Defendant’s better argument challenges whether the circumstances provide a reasonable assurance that the evidence had not been tampered with. Even though the evidence is adequately identified as the items initially seized, a further question is whether, during the gap in the chain of custody, some unknown party could have caused a material and prejudicial change in the condition or nature of the evidence. By the time the present gap occurred, however, the opportunity for creating such a prejudicial alteration no longer existed. It is undisputed that a chain of custody was adequately established from the time of seizure to the time of the first chemical analysis. Its finding that the packages contained illegal drugs could not be affected by any tampering that might have occurred after the analysis. Thus, there was no possibility that the gap could have permitted any prejudicial alteration of the contents of the drugs initially seized.

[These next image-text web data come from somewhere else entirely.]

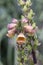 Rusty foxglove Digitalis ferruginea, close-up flowers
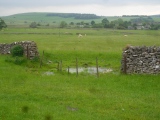 Dew pond, Biggin - PID:90264
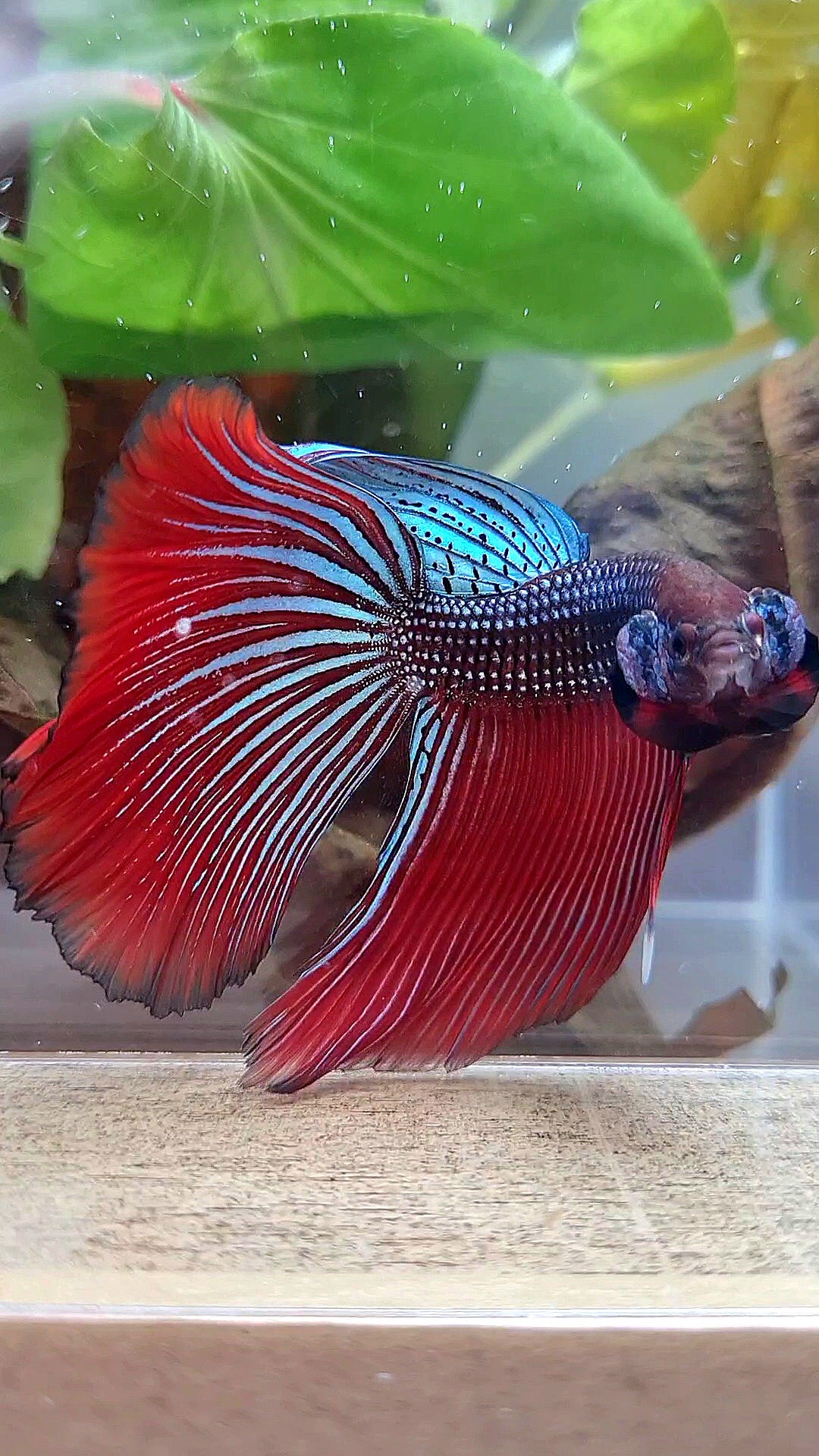 LUXURY XL HALFMOON OVERTAIL SPLENDENS HYBRID WILD BETTA FISH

Moreover, we believe that the trial court had sufficient evidence to justify a factual conclusion that no tampering had occurred. The second analysis revealed that, except for normal deviations, the contents of the packages were no different after the gap than before. While the deficiencies in the chain of custody may certainly be used to discredit the weight of the real evidence, those deficiencies were not sufficient to render that evidence inadmissible. We believe that a chain in custody should be tested not by the satisfaction of a technical series of steps, but by whether the proof satisfies the rationale for requiring an evidentiary foundation. Applying this test, we hold that the prosecution established an adequate chain of custody to support the admissibility of the various drugs seized.

Accordingly, the order of the Appellate Division should be affirmed.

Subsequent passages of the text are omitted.